Maduro has also made a point of pitching the launch of so-called MicroMisiones, social programs aimed at targeting inefficiencies in…other social programs. Part of the baroque turn in late-stage chavismo. Take it away, Nico:
"Cuando se detecte algún tipo de ineficiencia, como por ejemplo en el caso de la dirección de una fábrica o de un hospital, se activará una micro misión conformada por un equipo especialmente entrenado donde están expertos en la materia, donde están cuadros políticos comprometidos con el proyecto, donde está la FAN, y ellos juntos intervienen ese objetivo”

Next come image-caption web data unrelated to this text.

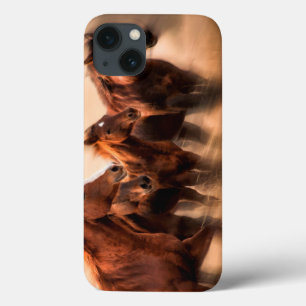 Running horses, blur and flying manes iPhone 13 case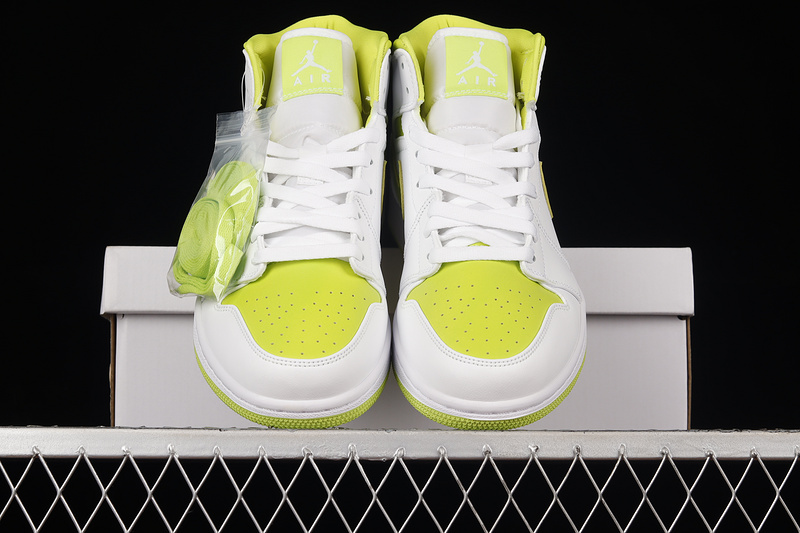 Air Jordan 1 Mid White/Lime 21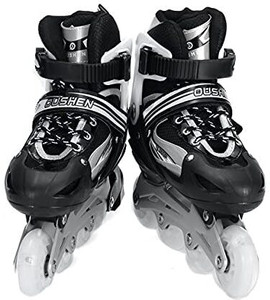 pn-auk high quality skating shoe have different size and with pu led wheel in-line adults size  6 uk - 9 uk adjustable beginner black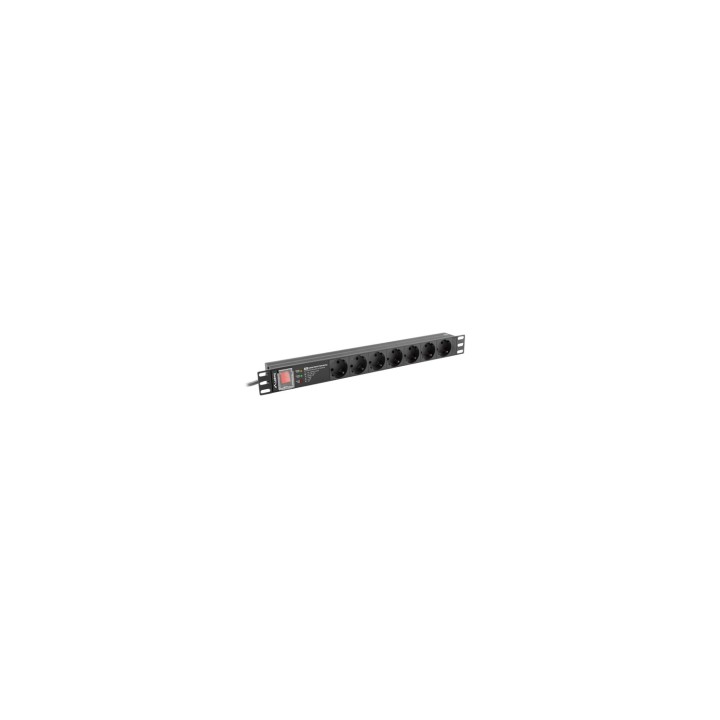 Lanberg PDU-PRO-07F-0200-BK unidad de distribución de energÍ­a (PDU) 6 salidas AC 1U Negro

"When we detect some kind of inefficiency, such as in the case of the management of a factory or a hospital, we will activate a micro mission comprising of a specially trained team of experts, committed to the political project, and working together with the armed forces (FAN)."
Of course, this round-up gives a false impression of equivalent access. Readers abroad should not be confused, though: Maduro’s y-que-pre-campaign [and-what-pre-campaign] is a million times more visible than Capriles’s – splashed all over the growing state media behemoth, billboards, the metro, everywhere. Capriles’s campaign, largely shut out of mass media, isn’t even that easy to find on YouTube. Así, as the man said, son las cosas [And that's the way it goes].
- Emiliana Duarte is a writer for Caracas Chronicles, the place for opposition-leaning-but-not-insane analysis of the Venezuelan political scene since 2002.